Michael Moran, a managing director at the Control Risks security consultancy in New York, was unsurprised by Bartels's pronouncement. After the country's defeat in World War II, Germans felt ashamed of their role in the bloodshed and in the genocide of the Holocaust, and adopted a pacifist stance. Germany controversially rearmed during the Cold War, but only with the goal of defending against a Soviet attack. Since the end of the Cold War and the collapse of the Soviet Union, the country has deliberately avoided reviving its once-vaunted military.
"They've never gone down the road to creating a warrior class," Moran said. "It's a very touchy topic."
Still, the parliamentary ombudsman's report contains shocking data about a country whose military preparedness has long caused concern among statesmen.
"For centuries, our main worry in Poland was a very strong German army," former Polish Defense Minsiter Janusz Onyszkiewicz told Foreign Affairs recently. "Today, we're seriously worried about German armed forces that are too weak."
Bartels found that only 38 of Germany's 114 high-tech Eurofighter jets are operational, Deutsche Welles reported. It also has 93 Tornado fighter jets, but only 29 of them work. The number of German soldiers was around 600,000 at the end of the Cold War in the early 1990s. Today the country has just 177,000.
These deficiencies have led to embarrassing episodes among the few foreign missions in which German forces are currently deployed. Last week, the German tabloid newspaper Bild revealed that six of the country's Tornado jets that are conducting reconnaissance missions against the Islamic State in Syria cannot fly at night because their cockpit lights are too bright for their pilots' eyes.
The neglected state of Germany's military isn't new — but in a sense that makes it even more shocking. The wealthy, notoriously efficient country has tolerated a poorly equipped military for years.
Last year, a report from the German broadcaster ARD set off a wave of press coverage saying that German troops used broomsticks that had been painted black to stand in for a lack of machine guns during a NATO training exercise. In 2014, Der Spiegel magazine called the Bundeswehr "ramshackle." In 2011, Bild published an exposéciting internal government reports in which commanders complained that German troops in Afghanistan didn't know how to use their weapons.
Merkel is planning on increasing Germany's defense budget by around 4.2 percent this year to a total of around $37.4 billion, according to Foreign Affairs. The United States, which has a population that's nearly four times as large, spends roughly 14 times more on defense — $530 billion annually, according to Pentagon figures.
German defense officials have proposed spending 25 percent more to upgrade the Bundeswehr, Handelsblatt reported, but those plans aren't solidified.
Bartels supports moves to boost German military spending.
"We are short of almost everything," he told German lawmakers on Tuesday. "The army is at the turning point."
But talk of expanding the German military has in the recent past amounted to very little.
When Russian President Vladimir Putin began meddling in Ukraine two years ago, leaders in Berlin and elsewhere realized they had allowed their militaries to wither on the vine and were ill-prepared to counter Russia if not for the protection of NATO and the United States.

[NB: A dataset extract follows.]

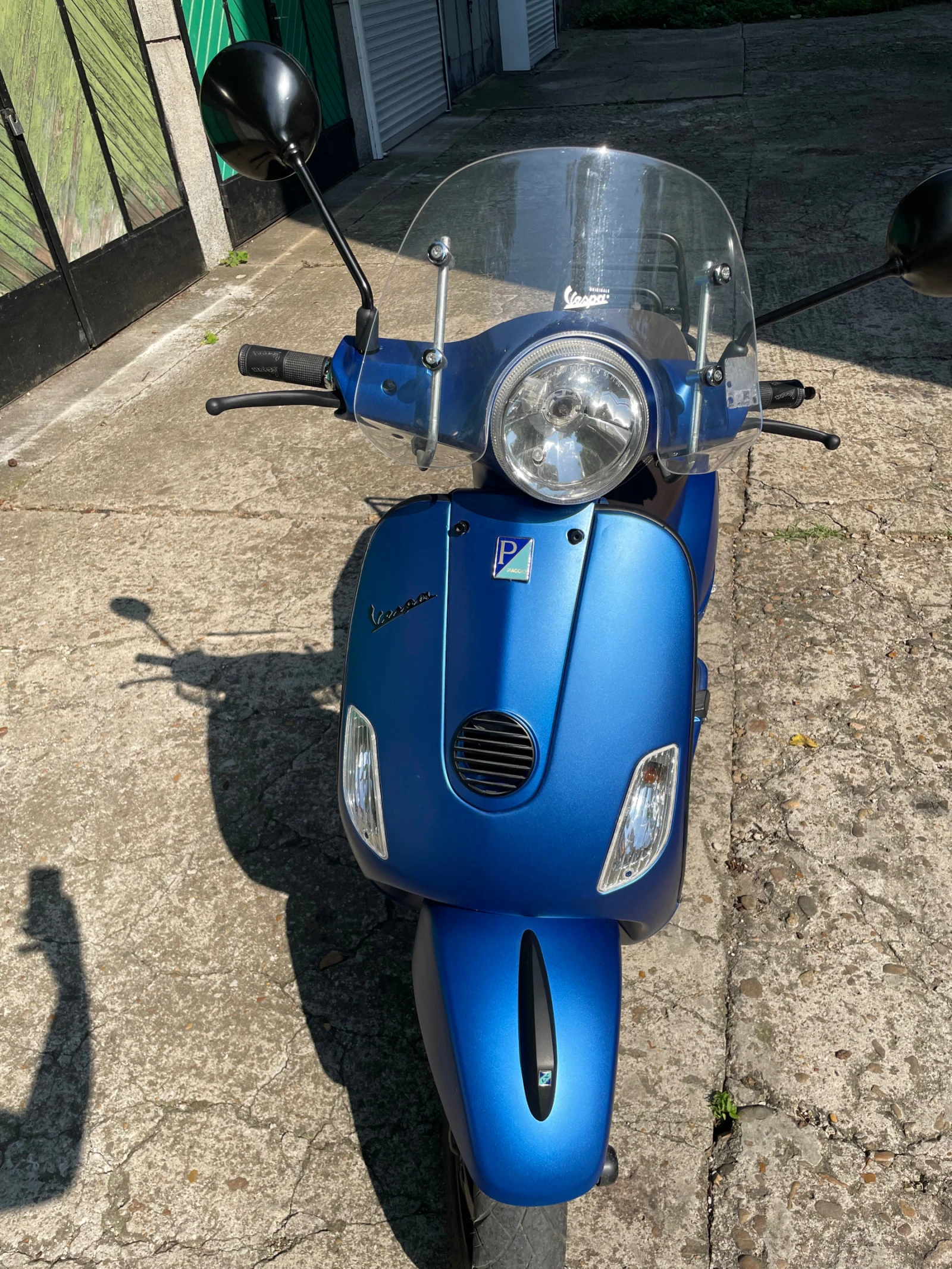 Vespa 50 LX 50 - изображение 9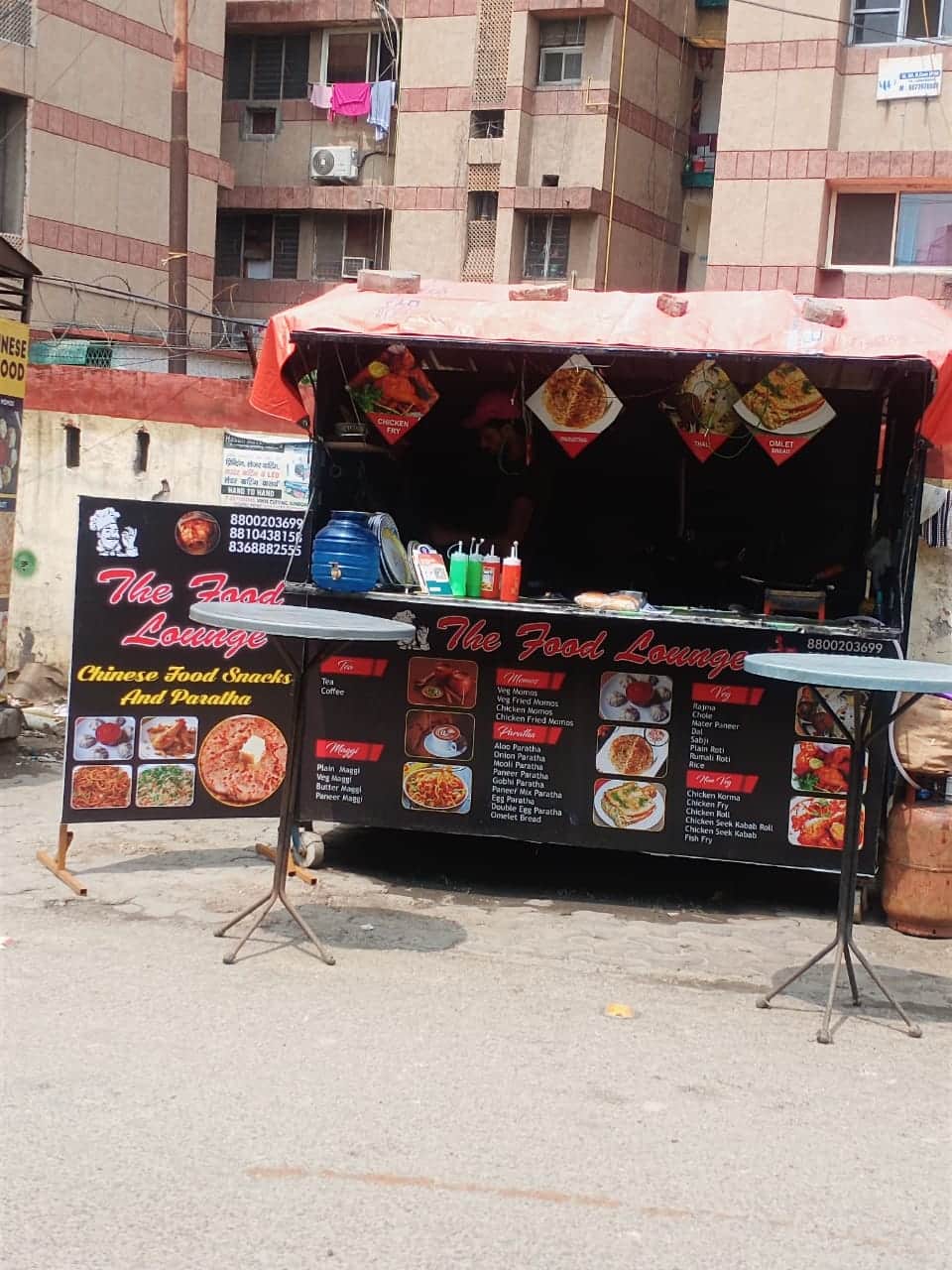 The Food Lounge, Indirapuram, Ghaziabad Zomato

Last year, US Defense Secretary Ash Carter even began to publicly exhort allied European nations to reverse the trend of declining defense budgets.
"In general, our view is that they're not investing enough," Carter said. "We'd like to see more. We understand the economic circumstances in general, but still in all security is a very important thing to be investing in. And so we will be and I certainly will be continuing to argue that the Europeans should be making bigger investments."
Today, however, their vulnerability remains the same.
"The warning bells started to go off in Europe that maybe they had allowed this to go too far, and they were ignoring the potential threat from the east," Moran said. "That has been swamped by the refugee crisis that has been coming from North Africa and the Middle East."